Creating an invoice across any connected accounting platform looks like this:

const Apideck = require('@apideck/node');

const apideck = new Apideck({
  apiKey: process.env.APIDECK_API_KEY,
  appId: process.env.APIDECK_APP_ID,
  consumerId: req.user.consumerId,
});

async function createInvoice({ lineItems, customerId, dueDate }) {
  const response = await apideck.accounting.invoicesAdd({
    invoice: {
      type: 'accounts_receivable',
      customer: { id: customerId },
      due_date: dueDate,
      line_items: lineItems.map(item => ({
        description: item.description,
        unit_price: item.amount,
        quantity: 1,
        total_amount: item.amount,
      })),
      currency: 'USD',
    },
  });

  return response.data;
}

The same function works whether the end user has connected QuickBooks, Xero, or Sage Business Cloud. Apideck normalizes the data model on the way in and maps the response back to the same schema on the way out.

Claude Code accelerates this further. Instead of reading through the Apideck API reference and writing the integration from scratch, you can give Claude Code a task:

claude "Using the Apideck Node SDK, build a sync module that pulls chart of accounts from the connected accounting platform, maps each account to our internal category taxonomy stored in accounts-taxonomy.json, and writes the mapping to Postgres.
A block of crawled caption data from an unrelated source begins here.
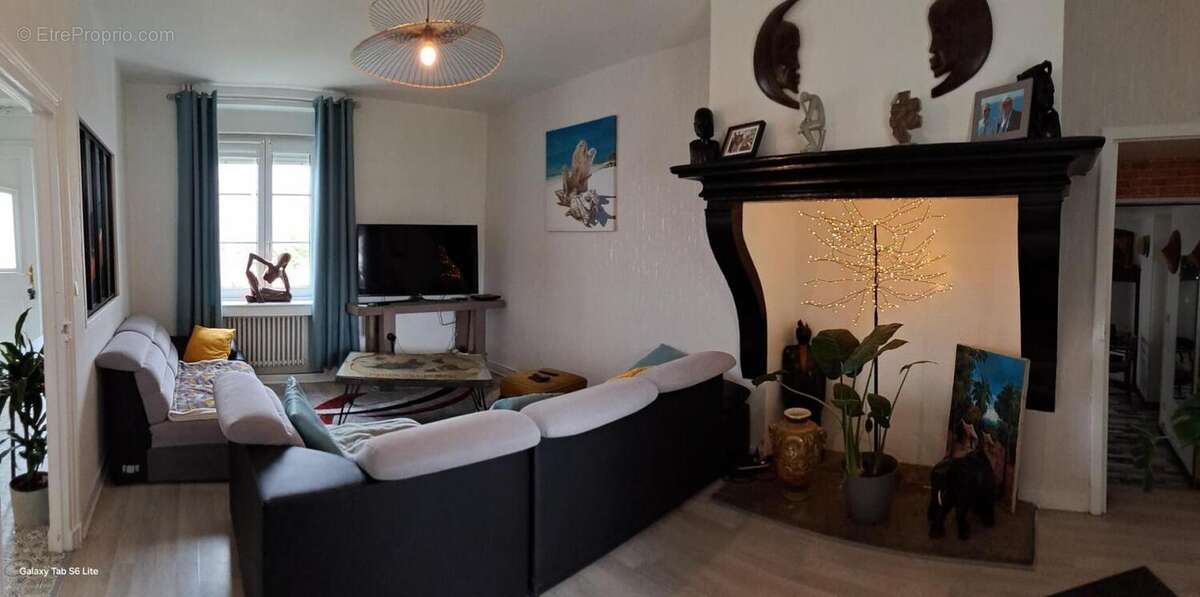 Maison à LE VIVIER-SUR-MER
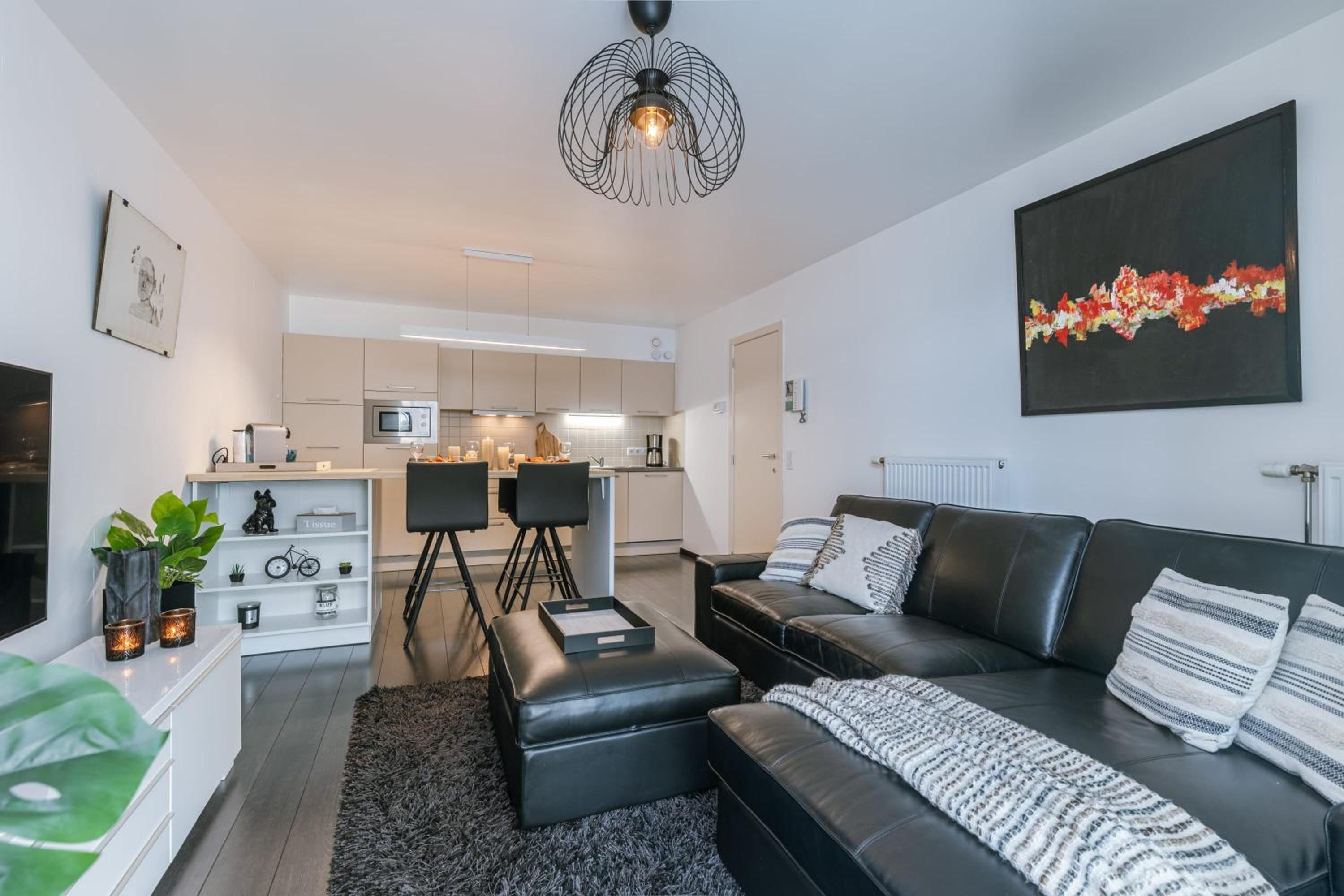Modern apartment near the beach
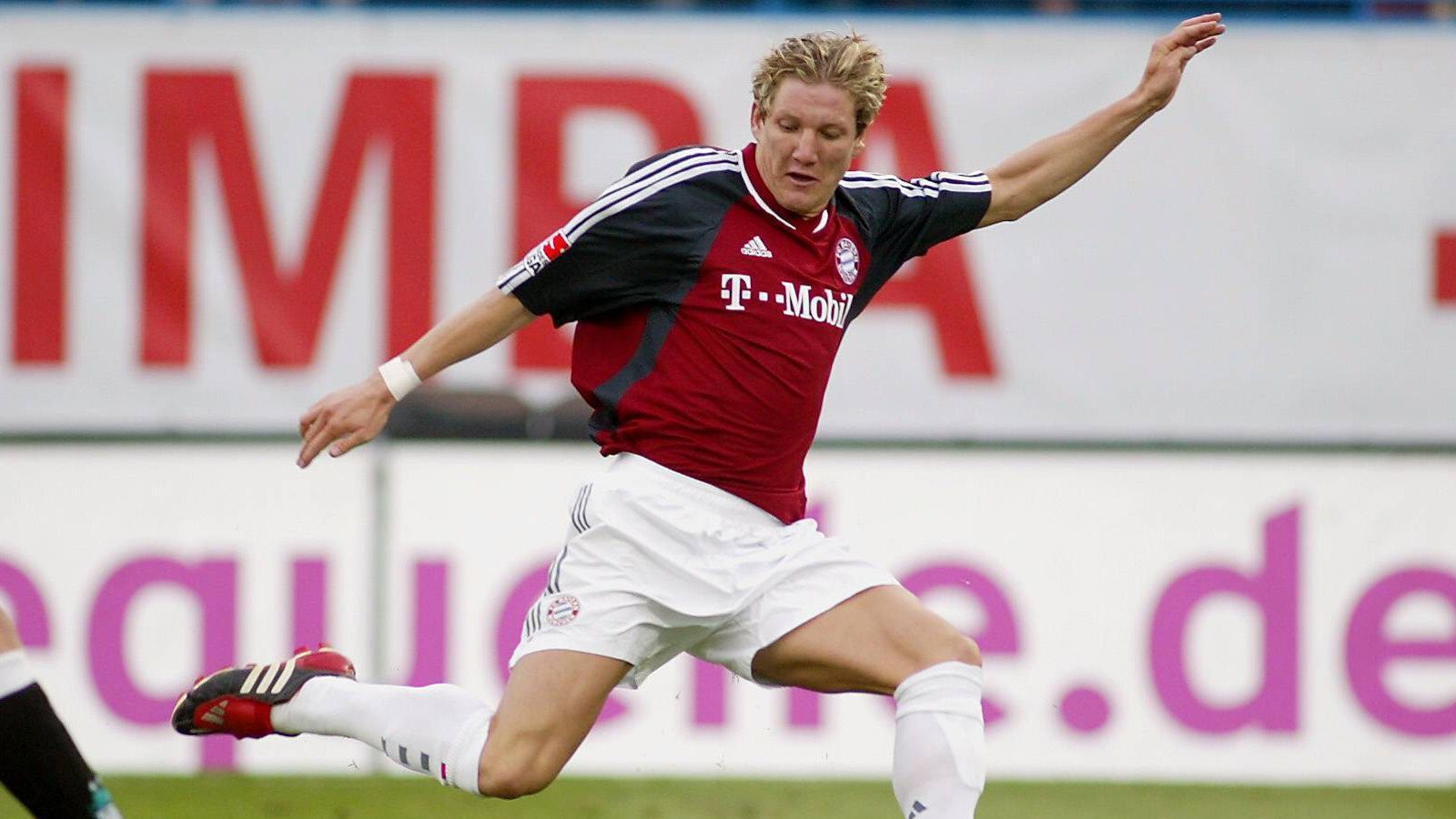 
                <strong>Bastian Schweinsteiger</strong><br>
                Als 17-Jähriger unterschrieb Bastian Schweinsteiger beim FC Bayern seinen ersten Profivertrag, nachdem er zuvor die Jugend-Mannschaften durchlaufen hatte. Das war im Sommer 2002. 13 Jahre sollte die Ära anhalten, in der der Mittelfeldspieler vor allem von Louis van Gaal zum Weltklasse-Kicker geformt wurde. Van Gaal war es, der den einstigen Flügelspieler als Spielgestalter im defensiven Mittelfeld einsetzte. Als der Weltmeister von 2014 nach der Saison 2014/15 die Bayern in Richtung Manchester United verließ, blieb bei den Fans kein Auge trocken. Bis heute gilt Schweini in München neben Thomas Müller als die ultimative Identifikationsfigur.
              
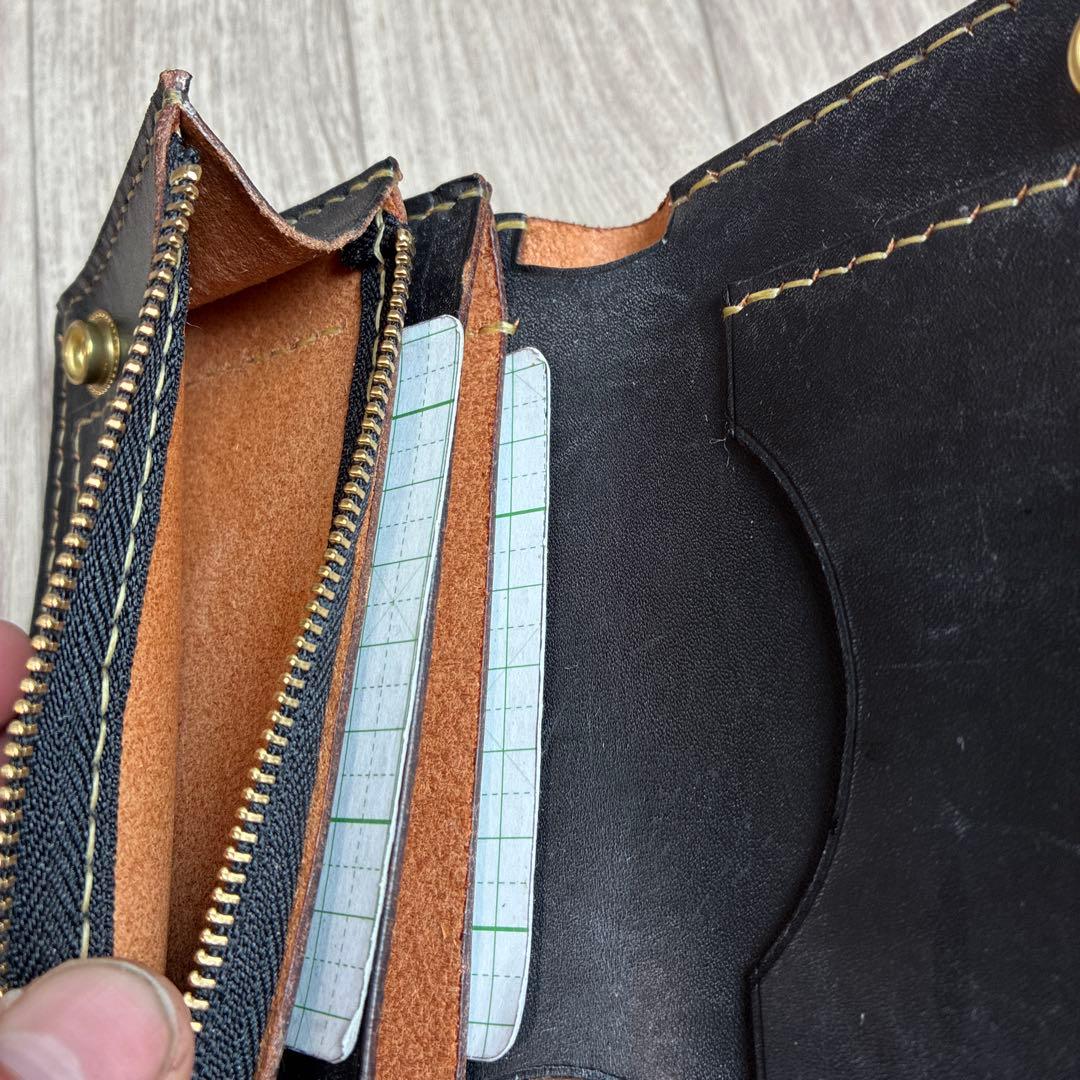 【茶芯ブラック】トラッカーウォレット　ミドル　真鍮　お札を折らずに収納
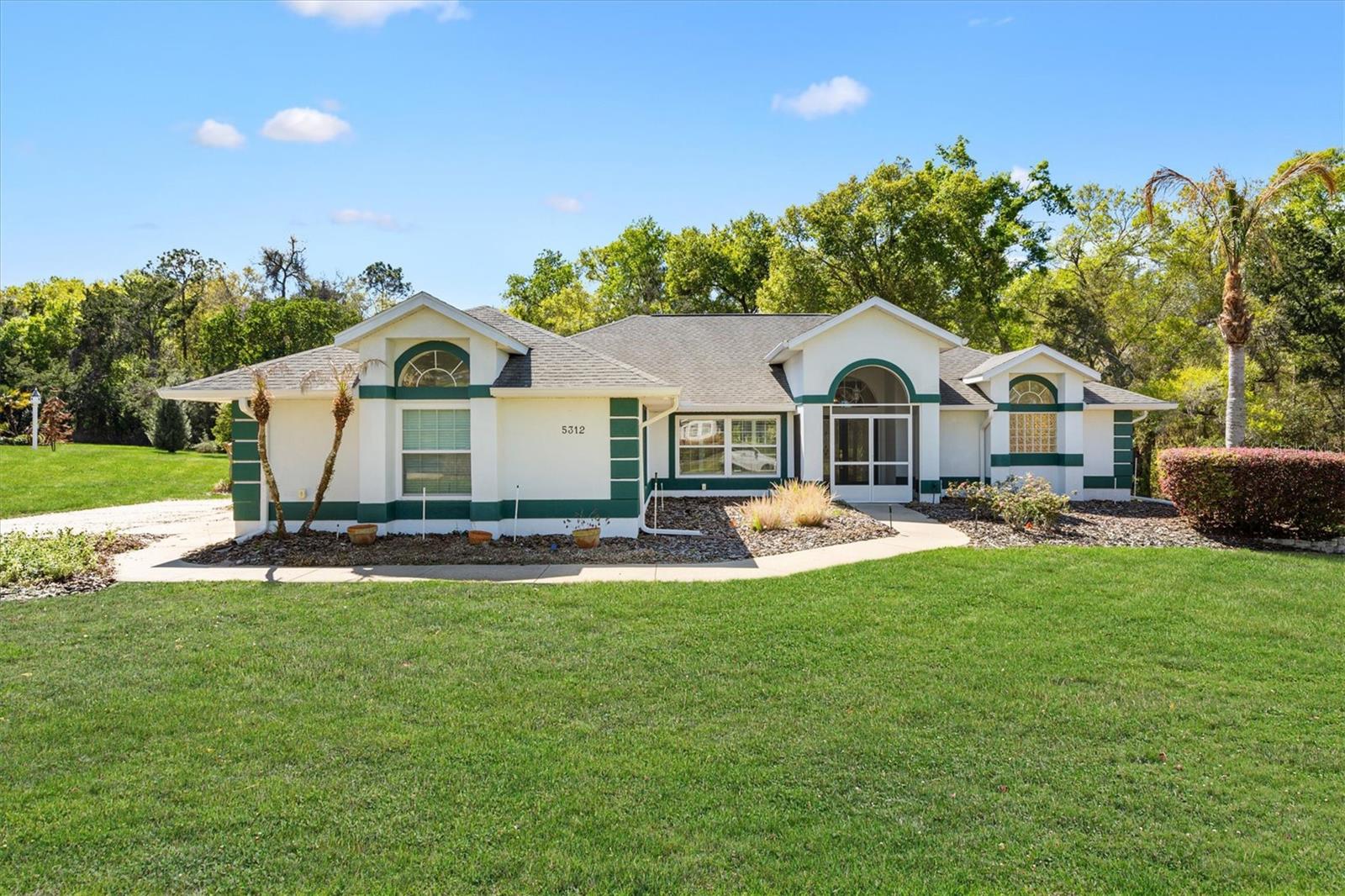 5312 GREENS DR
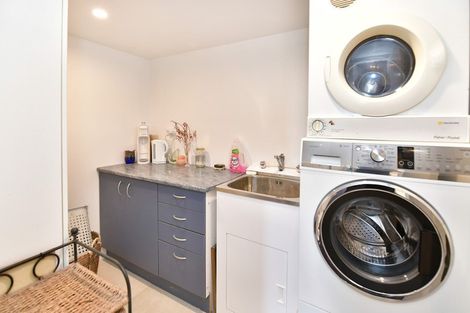 Photo of property in 2/17 Moffat Road, Red Beach, 0932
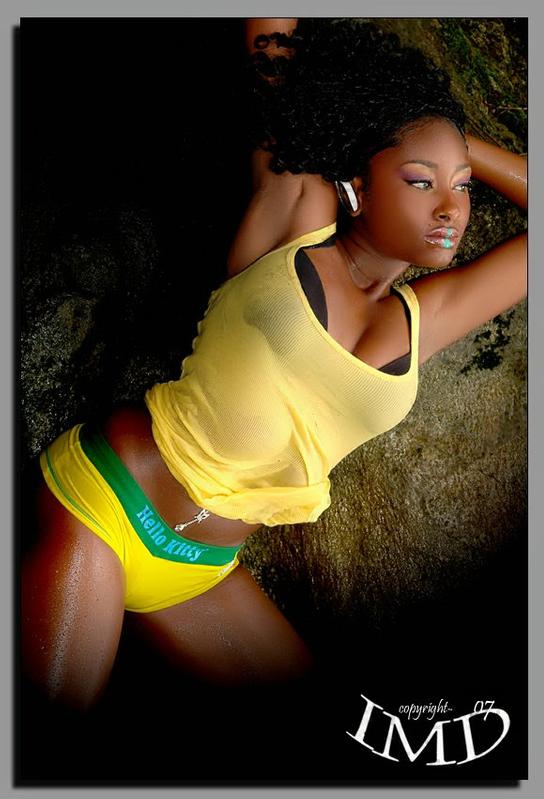 Dana Chree - hello kitty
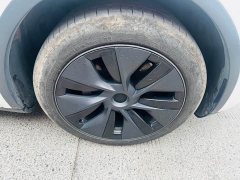 Tesla Model Y Rear-Wheel Drive - ფოტო 8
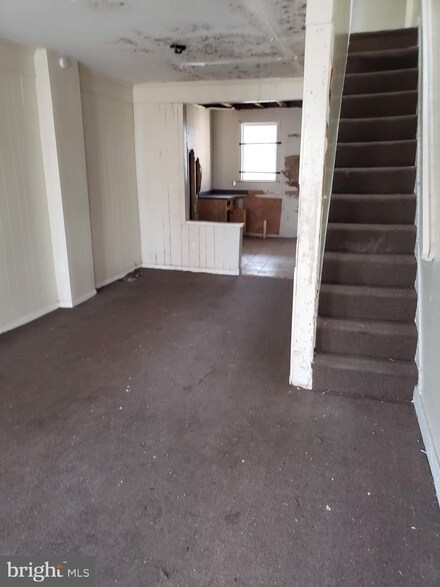 204 Harmison St, Baltimore, MD 21223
Handle pagination. Log any accounts that don't match a category."

Claude Code reads accounts-taxonomy.json, inspects the SDK types, writes the sync logic, and generates the Postgres schema. You can combine the Apideck MCP and the REST API in the same session: use the MCP server to pull live sample data during development, then use Claude Code to build the production REST integration against that data.

claude "Using the Apideck MCP, pull a sample of 20 invoices from the test QBO connection. Then write a TypeScript function that replicates that invoice creation via the Apideck REST API. Test against the sandbox environment."

Which approach fits which problem

ApproachBest forLimitation
Direct APISingle-platform builds, platform-specific fields, white-labeled products with a fixed accounting systemOne codebase per platform; maintenance cost grows with every new connector added
QuickBooks MCP serverAgentic workflows scoped to QBO: AI agents that read and write QBO data on behalf of users, plus dev-time exploration and testingTied to a single QBO company per process; no multi-platform support
Apideck MCP serverAgentic workflows that need to reach across multiple accounting platforms; AI agents where the platform is determined at runtime by the connected accountNot the right layer for deterministic programmatic integrations where your application controls the logic
Apideck unified APIProgrammatic integrations where your application drives the logic: syncing, webhooks, scheduled jobs, multi-tenant products shipping accounting features to end users at scaleNormalized schema means some platform-specific fields are not exposed

Claude Code makes all four paths faster. For most product teams, the practical setup is: Apideck MCP for exploration and agent-driven workflows, Apideck REST API for production programmatic integrations, and Claude Code doing the implementation across both.